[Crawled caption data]
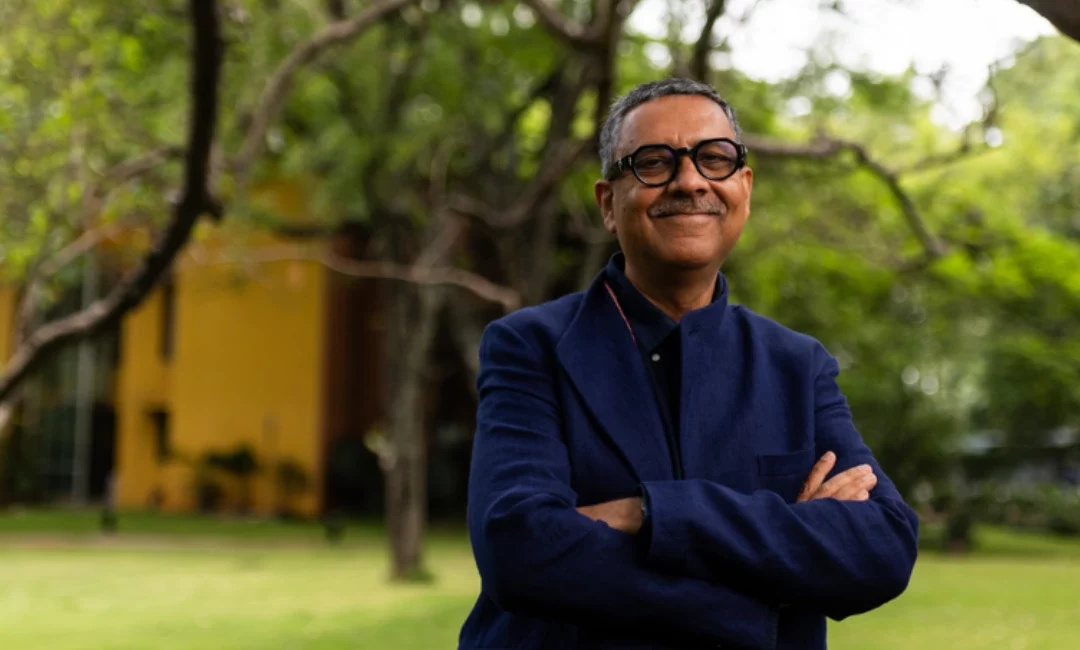 Building beyond buildings: Kamal Sagar’s philosophy of space and sound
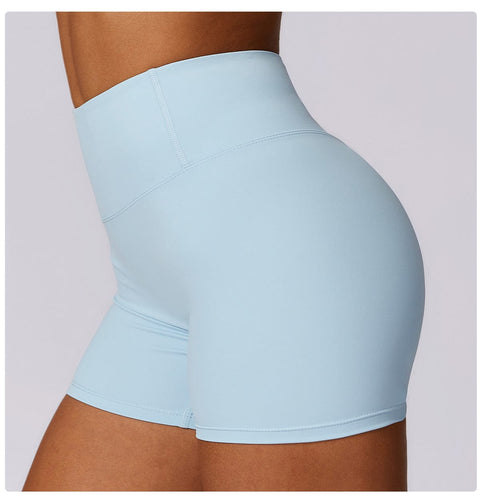 Curvypower | Australia shaper shorts Women High Waist Hip Lifting Shapewear Gym Shorts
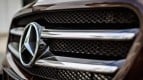 Mercedes-Benz GLA Exterior photo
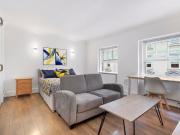 Studio flat for rent in Seven Dials Court, London WC2H
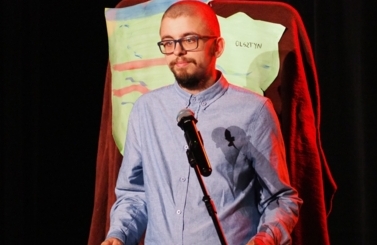 XVII Przegląd Kabaretowy
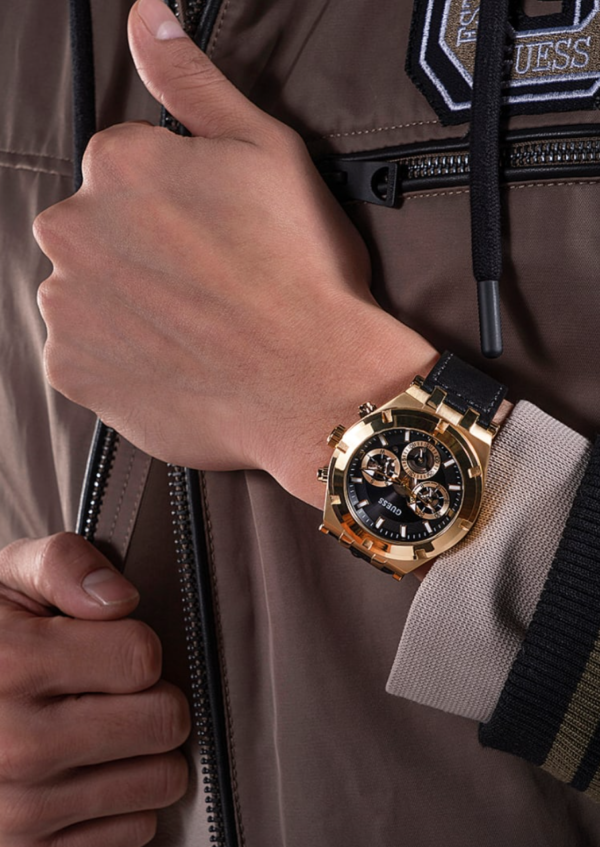 montre GUESS GW0262G2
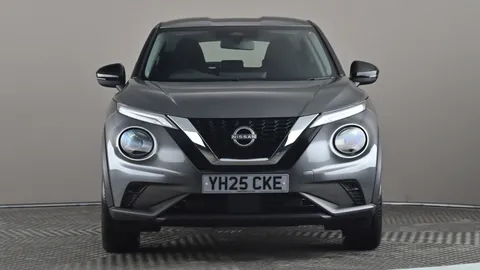 NISSAN JUKE 1.0 DiG-T Acenta Premium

#### Exercise requirements
Exact copy, no pictures: return the entries word for word.

#### Result of the task
 Building beyond buildings: Kamal Sagar’s philosophy of space and sound
 Curvypower | Australia shaper shorts Women High Waist Hip Lifting Shapewear Gym Shorts
 Mercedes-Benz GLA Exterior photo
 Studio flat for rent in Seven Dials Court, London WC2H
 XVII Przegląd Kabaretowy
 montre GUESS GW0262G2
 NISSAN JUKE 1.0 DiG-T Acenta Premium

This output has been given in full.